How can that be, when COVID continues to restrict so much of what Canadians used to do, including going out for meals? “It’s really a tale of two market segments,” says Mancini, who oversees the restaurant-lending division for CWB and has worked in the sector for 20 years. On the one hand, full-service establishments have indeed faced a host of challenges, and those that have been unable to pivot towards off-premise take out will not survive. On the other hand, quick-service restaurants (QSR, for short), which comprise about two-thirds of the market, have enjoyed both robust sales and lower costs. Meanwhile, full-service restaurants that shifted to takeout service have recovered material portions of the revenues they lost through forced closures.
The reason: the pandemic has changed how, when and where people consume food. And over the longer term, Mancini says that shift – along with owners’ ability to adapt to it – could open new opportunities for the entire sector.Not surprisingly, the key determinant in whether a restaurant has seen a “pandemic boom” has been whether it offers takeout. When the pandemic hit and just about everything was shut down, those QSRs that already offered drive-through or had established takeout services – think pizza chains – reaped immediate rewards. “They saw a massive increase in sales,” Mancini says. Branded QSRs in particular saw as much as 20-30% increase in revenue, and while “that has come down a little bit as the economy gradually opened up, sales are still very high and probably better than they were before,” Mancini adds. Not all QSRs have done so well, of course; for instance, those that operate in downtown food courts have been decimated. Others that rely on breakfast or coffee sales have also been hurt, simply because people are no longer going to work. But even those QSRs are seeing more business in the mid-afternoon and other non-peak periods. “They’re seeing a pickup in what we call snacking day parts,” he explains. “People aren’t buying coffee, but they are grabbing something in the afternoon, because they want a break and a chance to get out of the house.”
For many restaurants, the pandemic has meant not only higher demand, but also lower costs. When COVID hit, owners moved quickly to review and reduce costs. “It forced owners to make a lot of difficult decisions, and it made some operators realize that maybe they had been running a bit fat because things had been going so well before,” says Mancini. Perhaps even more importantly, owners have been innovating, especially when it comes to physical space.
“Takeout and delivery is so important now that everybody is looking for ways to reduce seating and focus on delivery,” he explains. Some are adding more drive-through lanes; others are repositioning dining rooms, for instance by taking away seats and creating space for third-party delivery services to make the takeout process more efficient."
Innovation, Mancini emphasizes, will be key to the future of full-service restaurants, as well.
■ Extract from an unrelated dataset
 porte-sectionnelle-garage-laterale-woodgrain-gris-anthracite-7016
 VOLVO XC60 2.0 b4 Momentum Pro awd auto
Many have already re-engineered their operations to provide takeout, and they are also exploring how to operate more efficiently and reduce their footprints. “If you’re a full-service operator, you might be thinking that takeout might be 10-15% of your business going forward, where before it was two percent or less,” he says. “The question is how to right-size your dining room, your kitchen and so on for the new reality, so that you’re not wasting space.”
That ability to innovate is one reason Mancini says he is optimistic about the full-service segment. Another is pent-up demand. He points to last summer, when most restaurants across the country could open at reduced capacity or for outdoor dining.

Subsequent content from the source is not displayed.